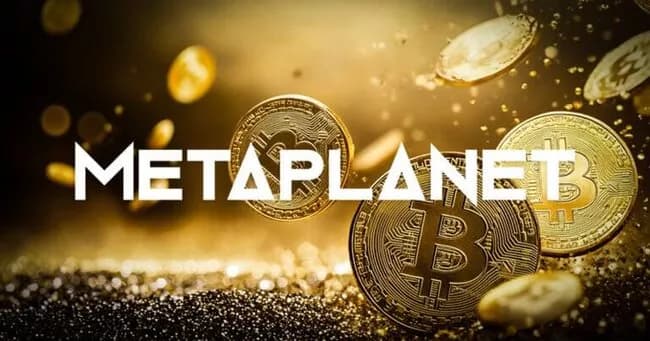 Metaplanet Doubles Down on Bitcoin Sovereignty with $500 Million Buyback Plan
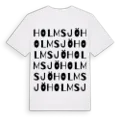 Holmsjö ordlek t-shirt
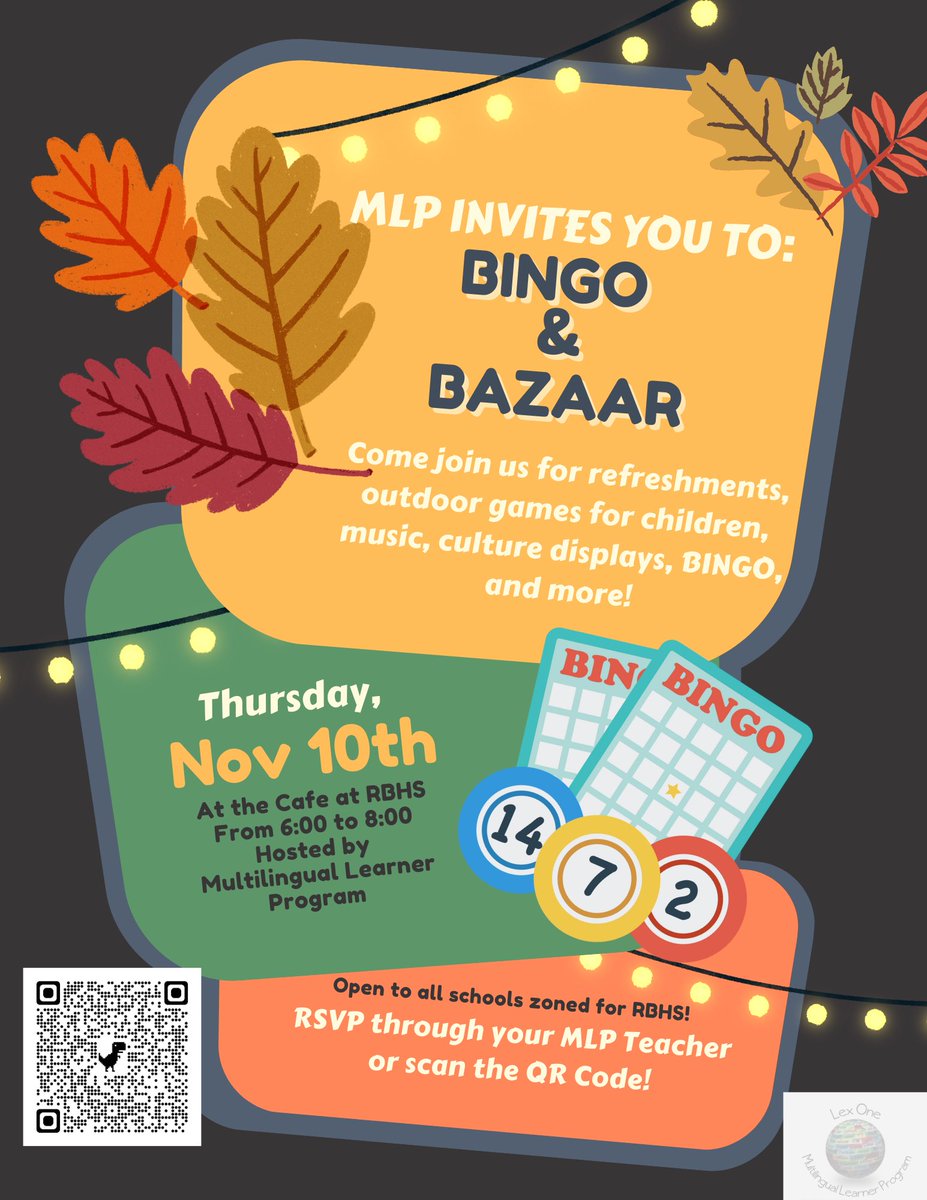 tarablack811's tweet photo. We had a great time at our Bingo &amp; Bazaar @RBHSGators @LOWLT https://t.co/ruUPA4SUMe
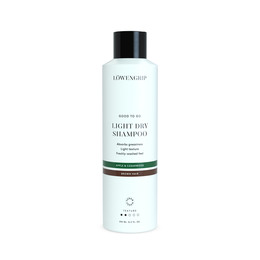 Löwengrip Good To Go Light  - Dry Shampoo For Brown Hair 250 ml Apple & Cedarwood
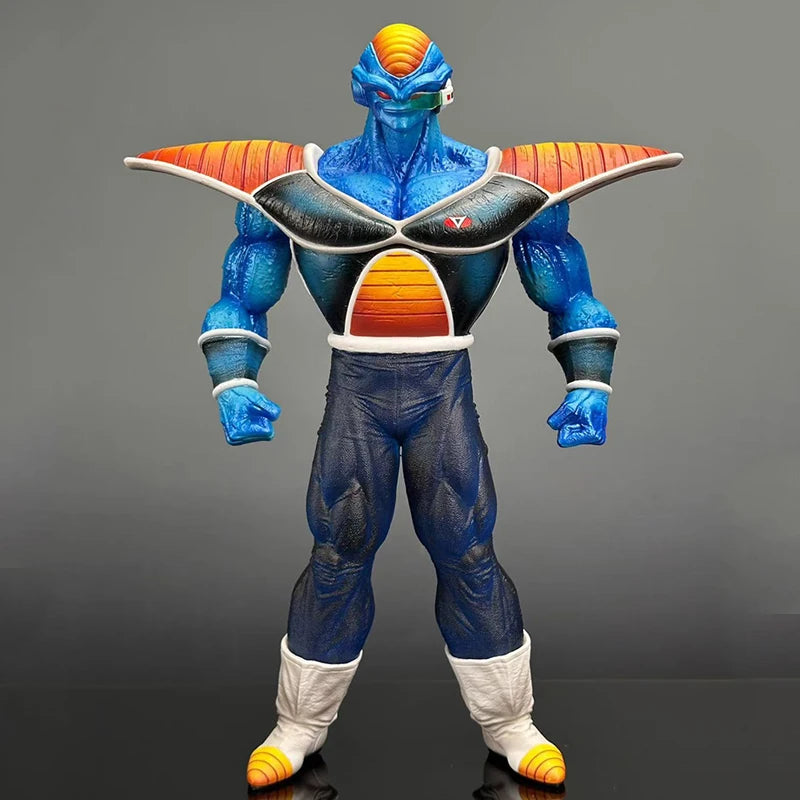 Dragon Ball Burter Ginyu Force Break Studio PVC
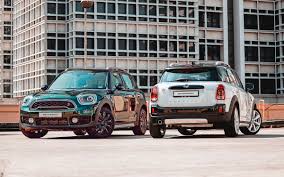 The available trim levels of a mini cooper for sale include: 2019 Mini Countryman Plug In Hybrid Wired Cooper S Countryman Pure Launched News And Reviews On Malaysian Cars Motorcycles And Automotive Lifestyle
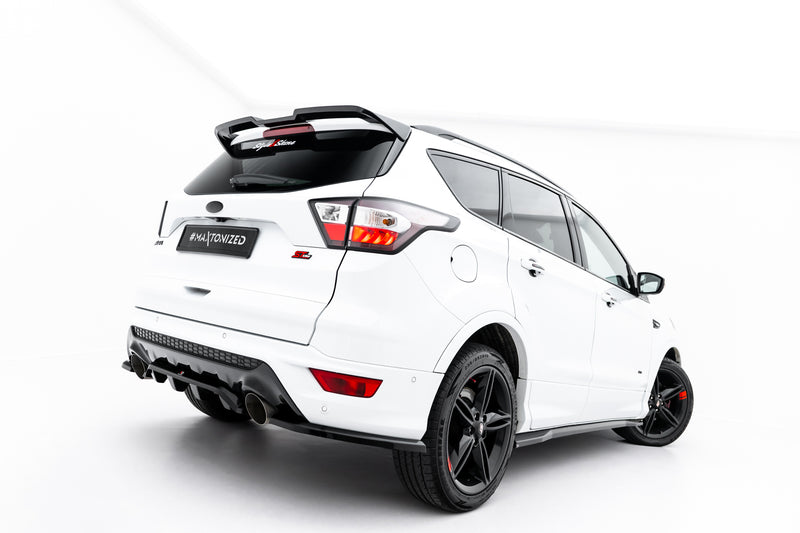 Maxton Design Diffusor Satz Ford Kuga ST-Line Mk2 Facelift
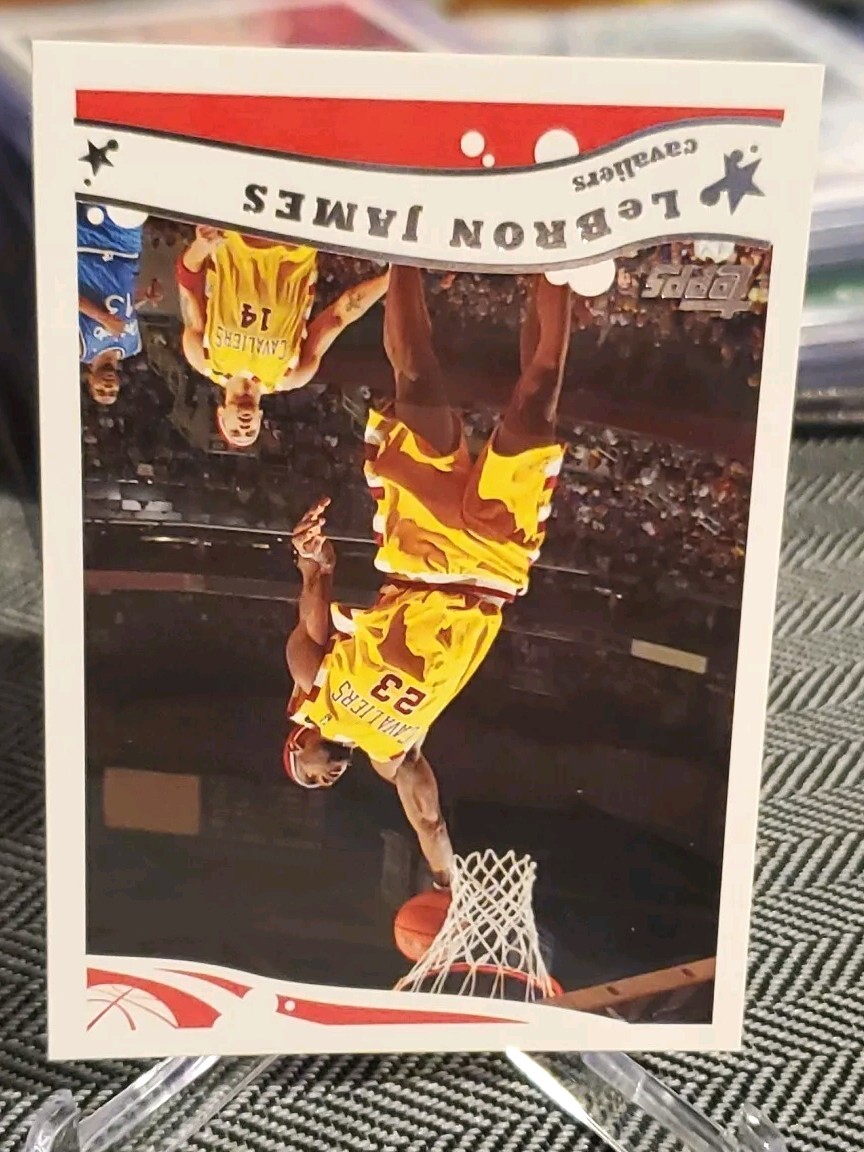 【希少】2005-06 Topps Chrome LeBron James Auction Prices Realized Basketball Cards 2005 TOPPS Lebron James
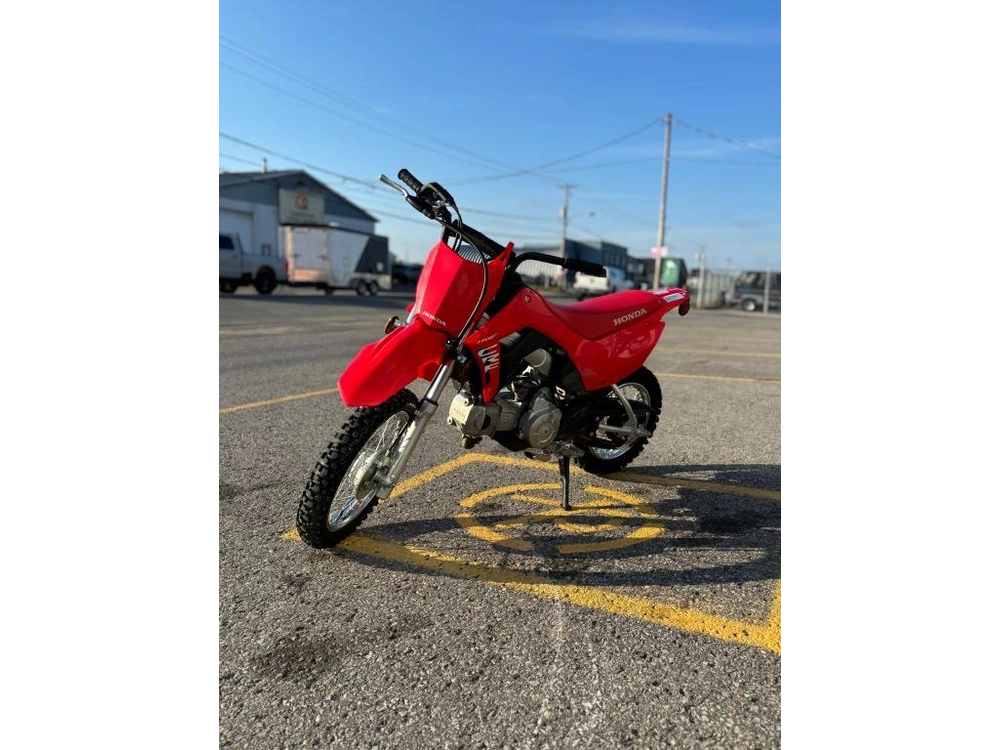 Honda Crf110 2026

### [Task requirements]
Quote the preceding listing precisely and completely, omitting its images.

### [Task result]
 Metaplanet Doubles Down on Bitcoin Sovereignty with $500 Million Buyback Plan
 Holmsjö ordlek t-shirt
 tarablack811's tweet photo. We had a great time at our Bingo &amp; Bazaar @RBHSGators @LOWLT https://t.co/ruUPA4SUMe
 Löwengrip Good To Go Light  - Dry Shampoo For Brown Hair 250 ml Apple & Cedarwood
 Dragon Ball Burter Ginyu Force Break Studio PVC
 The available trim levels of a mini cooper for sale include: 2019 Mini Countryman Plug In Hybrid Wired Cooper S Countryman Pure Launched News And Reviews On Malaysian Cars Motorcycles And Automotive Lifestyle
 Maxton Design Diffusor Satz Ford Kuga ST-Line Mk2 Facelift
 【希少】2005-06 Topps Chrome LeBron James Auction Prices Realized Basketball Cards 2005 TOPPS Lebron James
 Honda Crf110 2026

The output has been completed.